Der Bundesrat schlägt eine Schutzklausel mit Höchstzahlen und Kontingenten
vor, was für Brüssel kaum infrage kommt. Hätte man nicht weichere Kriterien
vorschlagen können, um der EU guten Willen zu signalisieren?
Wir schlagen sowohl quantitative als auch qualitative Massnahmen vor. Es braucht
aber die Möglichkeit von Höchstzahlen zur Beschränkung der Zuwanderung, damit
unser Vorschlag verfassungskonform ist.
Folglich müssen auch in einer Lösung mit der EU konkrete Zahlen enthalten
sein, damit sie verfassungskonform ist?
Die konkreten Zahlen müssten je nach der wirtschaftlichen Lage festgesetzt werden;
aber quantitative Kriterien müssten in einer einvernehmlichen Schutzklausel
enthalten sein. Das ist eine der Fragen, über die wir mit der EU noch verhandeln.

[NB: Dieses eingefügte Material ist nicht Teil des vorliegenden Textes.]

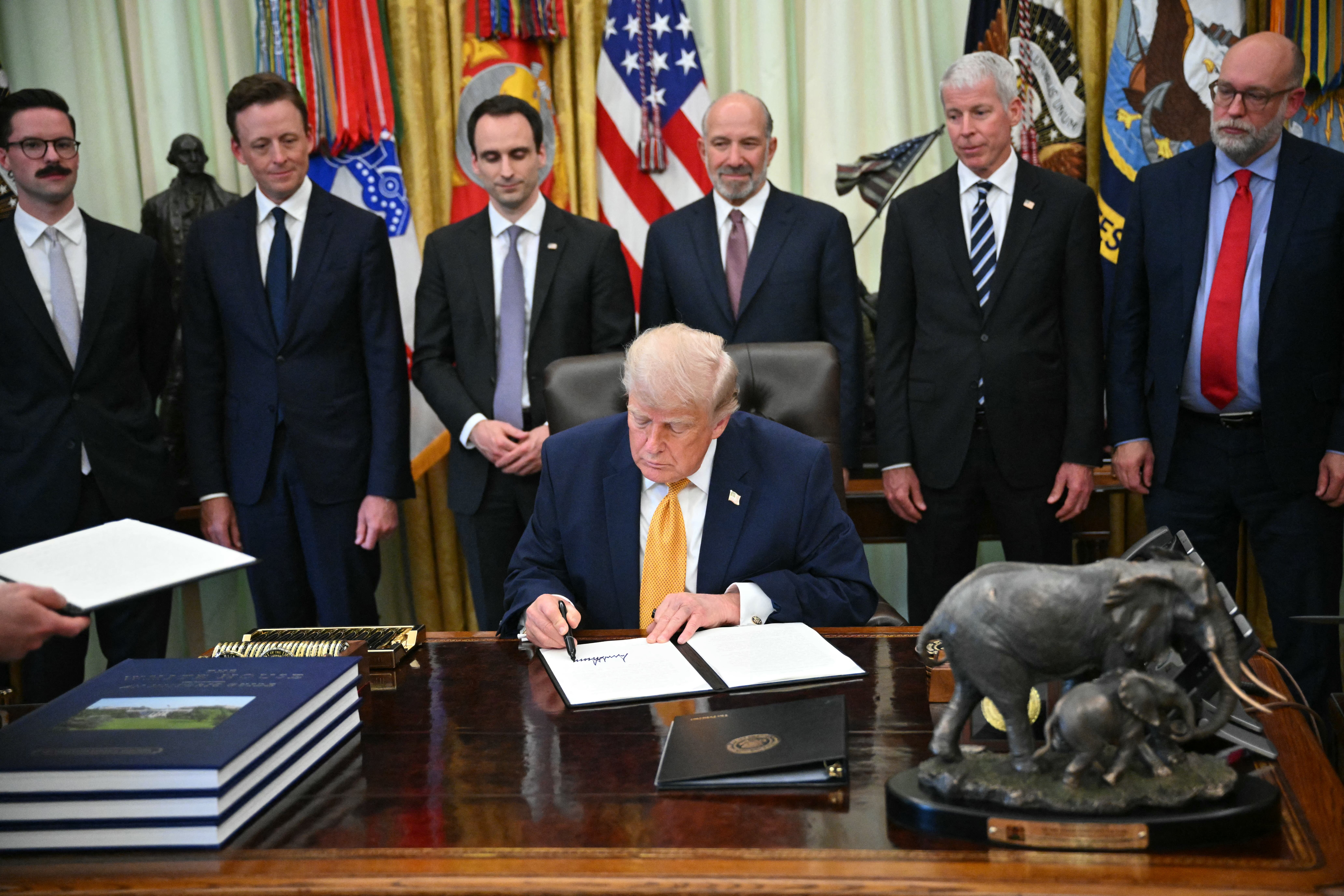 Donald Trump signs an executive order at the White House in June 2026. He previously issued executive orders defining sex as strictly male or female at birth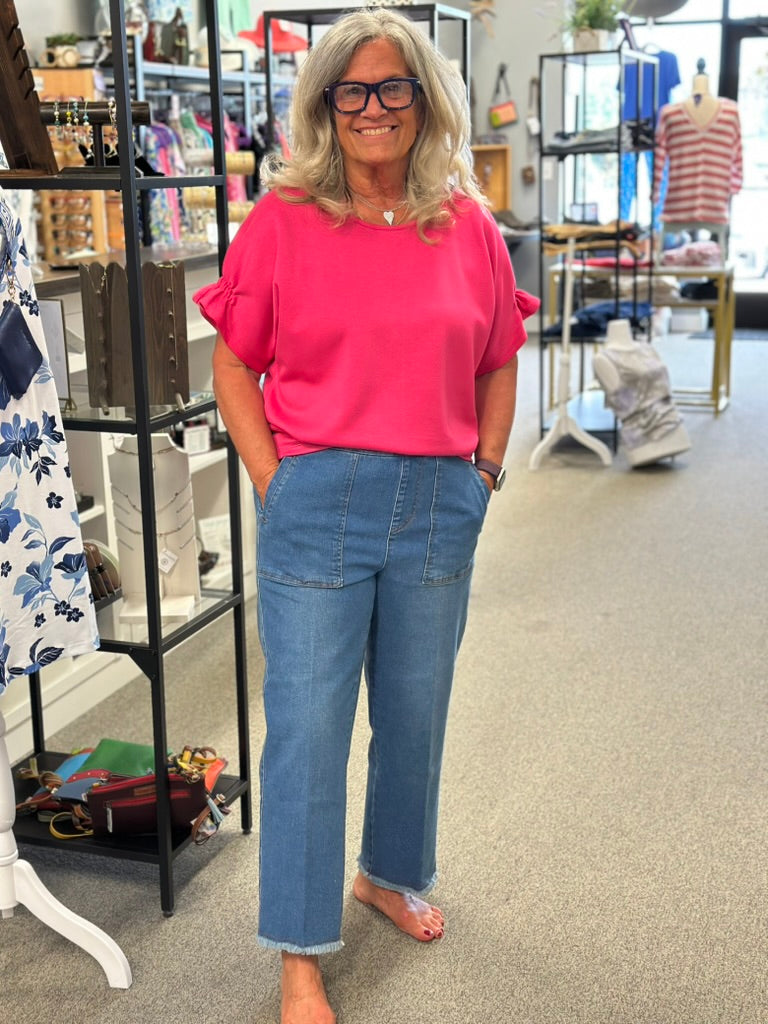 Woman wearing a pink blouse and blue jeans standing in a store.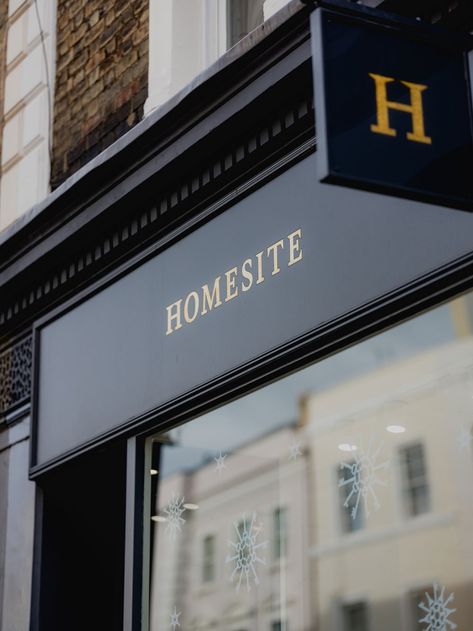 A photograph of a dark grey shopfront window with gold lettering. Real Estate Office Exterior, Real Estate Brokerage Office Design, Estate Agent Office, Leamington Spa, Island Homes, Office Signage, Christmas Window Display, Real Estate Office, Sales Office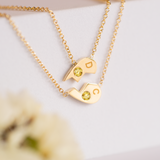 18k gold and sapphire half heart necklace set.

Die andere ist, wer entscheidet, dass die Schweiz Massnahmen gegen zu starke
Einwanderung ergreifen darf. Wir werden sehen, was wir in den Gesprächen mit der
EU aushandeln können - es wird ein Kompromiss sein. Sind quantitative Kriterien
drin, ist die Lösung wirklich gut und verfassungskonform. Ohne diese Kriterien wäre
sie wohl nicht verfassungskonform, doch hätten wir wenigstens einen Gewinn an
Rechtssicherheit. Das müsste man abwägen: Will man eine wortgetreue Umsetzung
der Initiative, oder geht man den Weg, der die grösste Rechtssicherheit bietet? Für
mich ist die Rechts- und Planungssicherheit sehr wichtig, denn sie stärkt unsere
Unternehmen und die Perspektiven für die nächsten Generationen.
In den Beschlüssen des Bundesrats vom Freitag steht nichts mehr von einem
institutionellen Rahmenabkommen mit der EU. Ist Ihr Traum, mit einem
umfassenden Vertragspaket die Bilateralen für 20 Jahre zu sichern, geplatzt?
Nein, wir verhandeln weiter über die institutionellen Fragen, auch diese Woche
gerade wieder. Aber das Rahmenabkommen ist nicht so dringend wie die Frage der
Personenfreizügigkeit. Hier muss es nun schnell gehen.
Welche Reaktionen erwarten Sie von den EU-Staaten auf den Vorschlag des
Bundesrates?
Ich habe mit vielen Aussenministern aus der EU schon im Vorfeld unseres
Entscheids gesprochen. Ich habe ihnen unser Vorgehen erklärt und sie darauf
hingewiesen, dass wir eine einvernehmliche Lösung wünschen und mit aller Kraft
darauf hinarbeiten.
Und wie haben sie reagiert?
Stets gleich: Dass auch sie sich eine einvernehmliche Lösung mit der Schweiz
wünschen, die Hauptgrundsätze der Personenfreizügigkeit für sie aber nicht
verhandelbar seien.
Am Freitag hat die Schweiz das Protokoll zur Ausweitung der
Personenfreizügigkeit auf Kroatien unterzeichnet. Ist die Teilnahme an den EUForschungsprogrammen gesichert?
Das hängt auch vom politischen Willen ab. Indem wir mit Kroatien vorwärtsmachen,
ist eine Bedingung der EU erfüllt. Aber es braucht auch eine Lösung bei der
Personenfreizügigkeit. Je nach dem müssen wir sehen, ob es eine weitere
Zwischenlösung braucht. Bei der Forschungszusammenarbeit darf man auch nicht
meinen, nur die Schweiz wünsche sich etwas von der EU. Denn in der
Spitzenforschung geht es um den Wettbewerb der Kontinente. In diesem
Wettbewerb kann die EU vom Beitrag der Schweizer Forscher sehr stark profitieren,
das zeigen alle verfügbaren Kennzahlen. Es ist also auch im Interesse Brüssels, mit
uns in den Forschungsprogrammen zu arbeiten.